Meh. It's not a bad anthology, as such things go, but it suffers from inhabiting the post-Irvine Welsh literary landscape. That was a place during the 90's where every writer and their 'Hey Grandma' was simply using their own drug stories to make a fast buck from the freak-outs and acid-casualties of their own lives, rather than to push the boundaries of literature.
It became worse than walking around Glastonbury where everyone was trying to flog you "speed, e's, black 'ash" except they were all pushing their drug stories at you, and you had to ask whether these idiots understood the point Ken Kesey was making. "You're either on the bus, or you're off it."
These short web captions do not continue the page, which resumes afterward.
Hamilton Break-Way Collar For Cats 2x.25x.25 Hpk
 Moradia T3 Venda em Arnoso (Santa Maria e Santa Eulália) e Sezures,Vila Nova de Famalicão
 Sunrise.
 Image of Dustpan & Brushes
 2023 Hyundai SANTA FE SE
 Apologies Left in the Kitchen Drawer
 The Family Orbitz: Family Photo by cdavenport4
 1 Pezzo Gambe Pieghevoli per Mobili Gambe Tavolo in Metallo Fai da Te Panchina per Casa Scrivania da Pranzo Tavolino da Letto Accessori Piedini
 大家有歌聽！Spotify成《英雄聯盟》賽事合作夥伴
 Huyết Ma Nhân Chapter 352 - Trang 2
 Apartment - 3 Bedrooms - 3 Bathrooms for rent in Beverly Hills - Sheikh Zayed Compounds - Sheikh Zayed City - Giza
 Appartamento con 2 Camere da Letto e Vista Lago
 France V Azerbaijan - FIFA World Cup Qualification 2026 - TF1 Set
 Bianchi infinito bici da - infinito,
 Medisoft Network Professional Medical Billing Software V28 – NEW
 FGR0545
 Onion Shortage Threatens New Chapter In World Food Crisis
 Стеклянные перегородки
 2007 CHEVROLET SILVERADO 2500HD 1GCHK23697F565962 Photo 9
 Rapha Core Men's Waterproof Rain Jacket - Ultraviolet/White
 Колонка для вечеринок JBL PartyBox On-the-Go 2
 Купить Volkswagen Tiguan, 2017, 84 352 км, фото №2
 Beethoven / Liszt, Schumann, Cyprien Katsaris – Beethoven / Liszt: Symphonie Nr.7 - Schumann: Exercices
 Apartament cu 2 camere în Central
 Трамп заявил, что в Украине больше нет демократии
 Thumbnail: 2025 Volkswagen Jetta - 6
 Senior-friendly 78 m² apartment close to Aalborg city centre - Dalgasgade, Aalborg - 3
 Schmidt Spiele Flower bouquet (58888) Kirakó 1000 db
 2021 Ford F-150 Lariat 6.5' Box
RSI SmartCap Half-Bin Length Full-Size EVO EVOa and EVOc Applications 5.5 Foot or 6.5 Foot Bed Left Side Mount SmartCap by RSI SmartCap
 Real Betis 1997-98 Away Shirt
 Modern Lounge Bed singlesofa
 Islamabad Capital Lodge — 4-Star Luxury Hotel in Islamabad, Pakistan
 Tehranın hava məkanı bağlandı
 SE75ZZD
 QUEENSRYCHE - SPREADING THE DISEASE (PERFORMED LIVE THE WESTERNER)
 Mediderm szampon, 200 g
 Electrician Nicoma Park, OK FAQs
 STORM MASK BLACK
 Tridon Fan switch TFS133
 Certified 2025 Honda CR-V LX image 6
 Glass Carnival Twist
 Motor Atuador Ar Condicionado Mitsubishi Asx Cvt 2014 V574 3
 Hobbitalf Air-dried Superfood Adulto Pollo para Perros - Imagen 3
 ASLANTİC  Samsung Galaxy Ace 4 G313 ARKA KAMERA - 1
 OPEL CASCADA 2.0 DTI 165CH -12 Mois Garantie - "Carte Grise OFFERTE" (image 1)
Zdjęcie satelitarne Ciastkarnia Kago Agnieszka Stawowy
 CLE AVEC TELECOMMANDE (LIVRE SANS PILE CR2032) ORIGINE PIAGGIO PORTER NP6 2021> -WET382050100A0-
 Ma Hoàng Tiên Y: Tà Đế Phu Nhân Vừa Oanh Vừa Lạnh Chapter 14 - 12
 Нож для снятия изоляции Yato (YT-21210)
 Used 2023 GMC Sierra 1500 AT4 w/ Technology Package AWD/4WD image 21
Other people's drug stories are boring, but Jeff Noon always knew how to tell a great story that pushed literature somewhere new because he included drugs as part of the fabric of his world, not as a McGuffin. He does that here in 'Latitude 52'. The best tale other than Noon's here is probably "Where the Railway meets the River", an excerpt from Gary Indiana's 'Gone Tomorrow.' Not something I would have picked up, but it includes a couple of slantwise observations and a sense of humanity, that have convinced me to look the whole novel up.
Mainly though, these are stories you'll here from everyone who went to a rave before the Criminal Justice Bill became an Act, paranoid, ugly sometimes humorous but mainly just tawdry tales that feel like being a voyeur in a 'Being John Malkovich' fashion.
Putting it bluntly, drug stories are full of pricks, and they aren't just the sharps.